Jesu / Chronique EP > Heart ache

jesu_heart_ache.jpg Godflesh est bien mort et enterré. Et un peu plus d'un an depuis la fin du groupe, Jesu, le nouveau et ambitieux projet solo du phénomène Justin K.Broadrick est mis sur orbite. Mais, qui en doutait ( ?), on pense souvent à l'ancien groupe de Broadrick tout au long du premier essai discographique, enregistré aux studios Avalanche de Birmingham, de ce nouveau projet. Rien que dans son nom déjà, (Jesu étant le dernier titre de l'album Hymns de Godflesh), l'ombre de la première entité plane largement sur celle qui lui succède maintenant. Car dès les premières secondes du premier des deux titres de cet EP (pour quarante minutes de musique tout de même...), ça démarre. comme du Godflesh. C'est d'une lourdeur étouffante, tout en saturation tourmentée et oppressante, le riff de gratte limite stoner tourne en boucle, puis la mélodie fait enfin son entrée pour aérer un peu l'ensemble. Entre enfin le chant, éthéré et à fleur de peau. La qualité mélodique est étonnante, la mélancolie latente et toutes deux laissent entrevoir une petite évolution dans la musique de Justin Broadrick, à savoir qu'elle se veut peut-être moins métallique pour s'orienter vers quelque chose où tout ne serait qu'ambiances et atmosphères.

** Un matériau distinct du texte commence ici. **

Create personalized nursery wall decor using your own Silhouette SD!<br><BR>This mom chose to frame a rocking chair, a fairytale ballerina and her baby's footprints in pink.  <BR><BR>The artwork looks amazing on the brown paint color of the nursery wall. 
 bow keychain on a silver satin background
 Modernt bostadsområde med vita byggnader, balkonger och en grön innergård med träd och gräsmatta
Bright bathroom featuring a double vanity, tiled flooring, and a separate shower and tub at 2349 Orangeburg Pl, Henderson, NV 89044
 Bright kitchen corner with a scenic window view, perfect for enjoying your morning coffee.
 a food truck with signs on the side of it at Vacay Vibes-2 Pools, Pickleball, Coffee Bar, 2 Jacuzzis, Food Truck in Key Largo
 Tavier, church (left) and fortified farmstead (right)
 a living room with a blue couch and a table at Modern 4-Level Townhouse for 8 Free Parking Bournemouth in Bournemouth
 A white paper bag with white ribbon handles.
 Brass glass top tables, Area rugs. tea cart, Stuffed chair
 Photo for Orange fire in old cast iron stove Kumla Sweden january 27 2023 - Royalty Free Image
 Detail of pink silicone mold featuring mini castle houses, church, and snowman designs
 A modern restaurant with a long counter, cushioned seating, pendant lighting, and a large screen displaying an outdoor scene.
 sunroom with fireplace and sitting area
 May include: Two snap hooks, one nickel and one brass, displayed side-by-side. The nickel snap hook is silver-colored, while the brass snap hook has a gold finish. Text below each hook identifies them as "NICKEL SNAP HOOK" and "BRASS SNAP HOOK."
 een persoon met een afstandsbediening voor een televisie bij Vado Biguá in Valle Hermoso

Gorgé d'effets ambiant/ indus, mélangeant guitares électriques et acoustiques, le tout au service d'arrangements aussi subtils qu'émouvants, "Heart ache" réussit parfaitement son entrée en matière et laisse à penser que la suite ne peut que mériter notre attention. Là ou le premier titre de cet EP nous faisait entrer de plein pied dans un univers sombre et lourd et dissonant, "Ruined" joue au départ la carte de la retenue. Le chaos ne saurait tarder. Mais pour le moment, le piano se fait délicat, élégant, raffiné et finalement assez posé. Et puis lentement, l'atmosphère commence à changer, comme une journée de printemps qui commencerait sous les meilleurs hospices avant que l'ouragan ne fasse oublier l'aube ensoleillée. Dès lors, la météo se fait changeante, l'orage gronde et la guitare fait son entrée. Massive, lourde, elle fait écho à une basse d'une lourdeur incommensurable et à des effets synthétiques dissonants qui ne font rien pour alléger l'ensemble. Pris dans une gangue de plomb, ce deuxième morceau nous rappelle que son auteur voit la vie de manière relativement désabusée, ce au travers d'un prisme où tout ne semble qu'être que douleur et tristesse. Justin K.Broadrick semble hanté par des fantômes très personnels et sa musique est largement empreinte de ce qui torture son âme. Mais l'homme est suffisamment doué pour ne pas trop se mettre en avant et parvient à s'effacer derrière son oeuvre. Car au final, Heart ache, est un EP qui sait trouver sa voie, entre ambient industriel torturé et rock atmosphérique douloureusement mélancolique et qui annonce des lendemains sombres mais excitants pour Jesu.